The World Bank (WB) has recommended that Kenya raise excise taxes on alcohol, tobacco, and sugar-sweetened beverages to help clear mounting pending bills that continue to strain the government’s finances.
In its latest Sub-Saharan Africa Economic Outlook Report, the lender urges the state to “clear pending bills and finance their payment with higher consumption taxes.”
The call comes as the government grapples with a surge in unsettled obligations to suppliers, contractors, and pensioners.
According to data from the Controller of Budget (CoB), pending bills rose by Sh8.57 billion to Sh524.84 billion in the 2024/25 fiscal year, up from Sh516.27 billion the previous year.
The WB’s proposal is aimed at helping Kenya strengthen its fiscal position as part of broader reforms to improve debt sustainability and public service delivery.
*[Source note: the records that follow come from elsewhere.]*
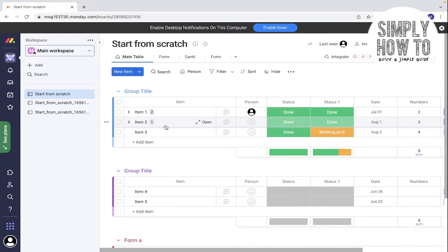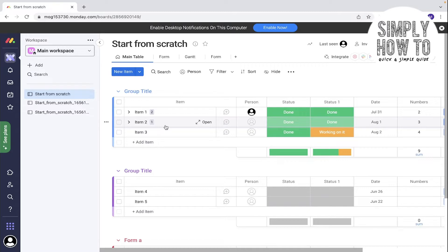If you didn't watch any of our previous videos, don't forget to watch them. We have a playlist for Monday.com with tutorials for creating forms, using forms, creating Gantt charts, importing and exporting, and also Monday dashboards.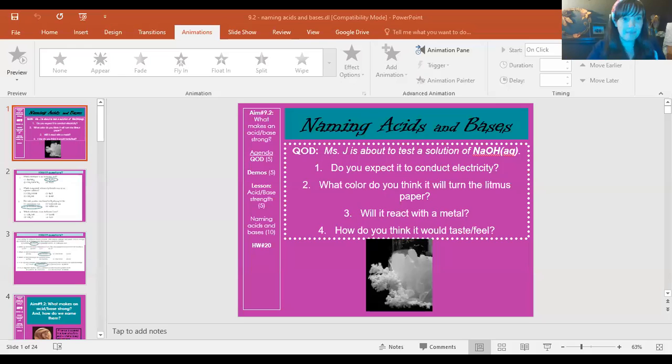Hi guys, great to see you again. Today we're going to further our study of acids and bases, looking at what makes an acid or base strong or weak, and also how do you name them. So let's jump in with lesson 9.2, naming acids and bases.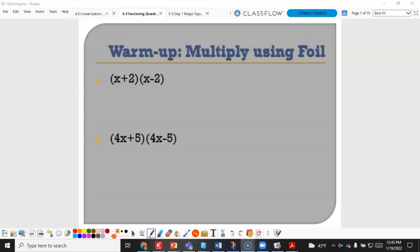We are multiplying binomials back together. In order to multiply two binomials we use the FOIL method — First, Outer, Inner, and Last.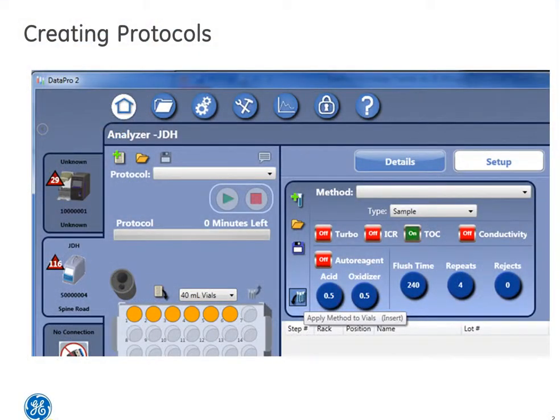From the home screen, you will need to select one or a set of vials. The orange vials from the auto-sampler field are the vials selected for this unique protocol.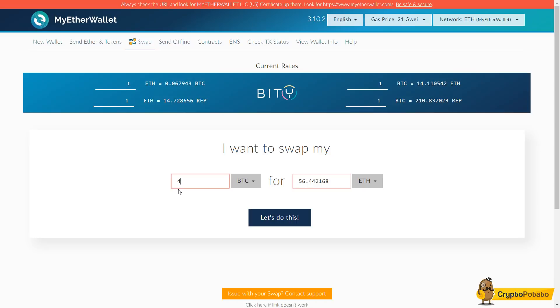Alrighty guys, hope you guys enjoyed. That was me doing a quick tutorial for the website MyEtherWallet.com. Hope you guys enjoyed and I will see you guys later.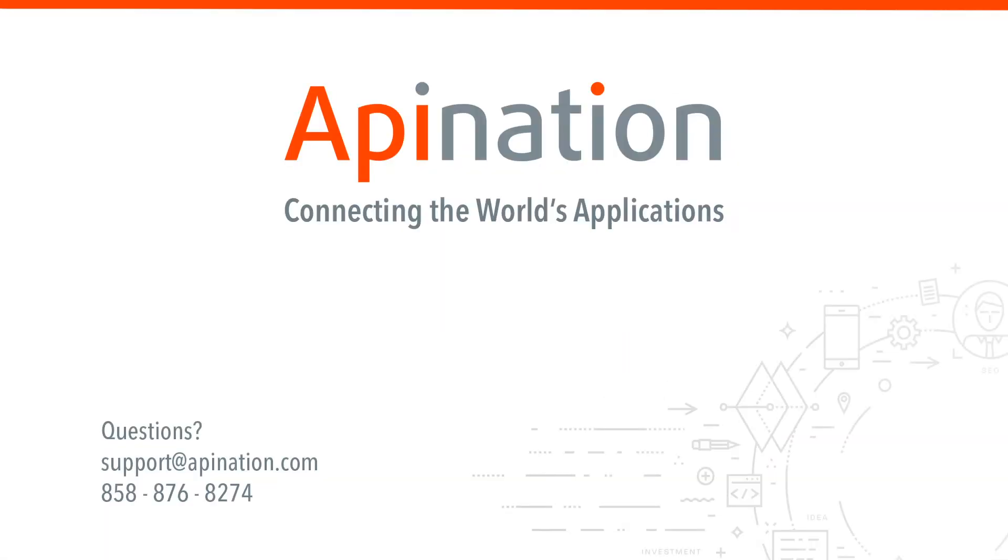So we hope this was helpful. If you have any questions, ideas, thoughts, shoot us an email, give us a phone call. We're API Nation connecting the world's applications. We love doing this stuff.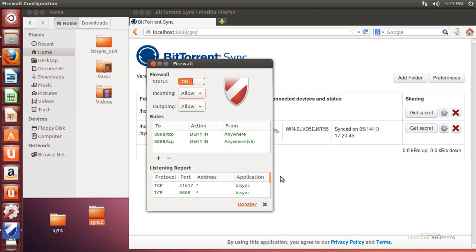That is the installation on Ubuntu. We've installed it, set it up to automatically run whenever we log in, and blocked other people from viewing the web page on the operating system. Thanks for watching Lecture Snippets — for more information, visit LectureSnippets.com.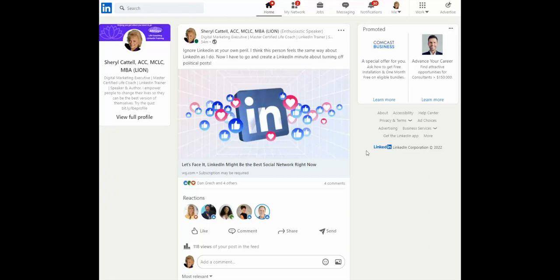Today, we're going to look at how to turn off political posts from your newsfeed. This is one of the best things about LinkedIn—you don't have to receive a bunch of arguments and discussions that are political in nature.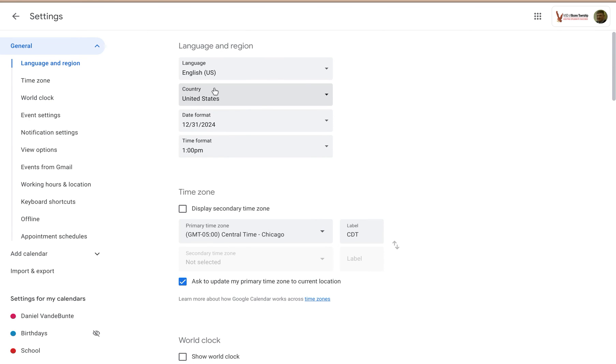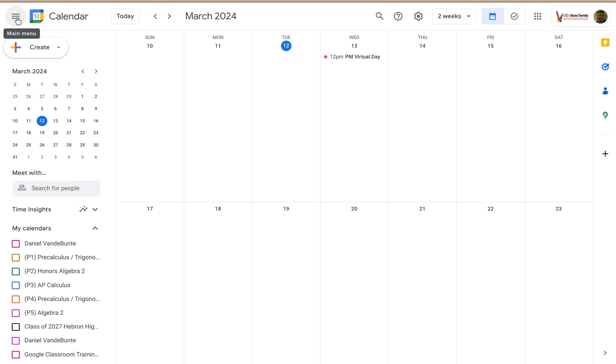When you're done changing whatever settings you want to change, you can just click on the arrow to go back to your calendar view.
Kenya already levies some of the highest taxes on alcoholic drinks and tobacco in Africa, with the aim of curbing misuse and boosting revenue. These include excise duty, a 16 percent value-added tax (VAT), import duties, licensing fees, and the cost of compliance under the Excise Goods Management System (EGMS).
The frequent tax hikes have, however, drawn sharp criticism from industry players, who argue that excessive taxation hurts business and fuels the consumption of illicit products.
Kenya’s tobacco tax share currently ranges between 70 and 74 percent of the retail price, among the highest in the region.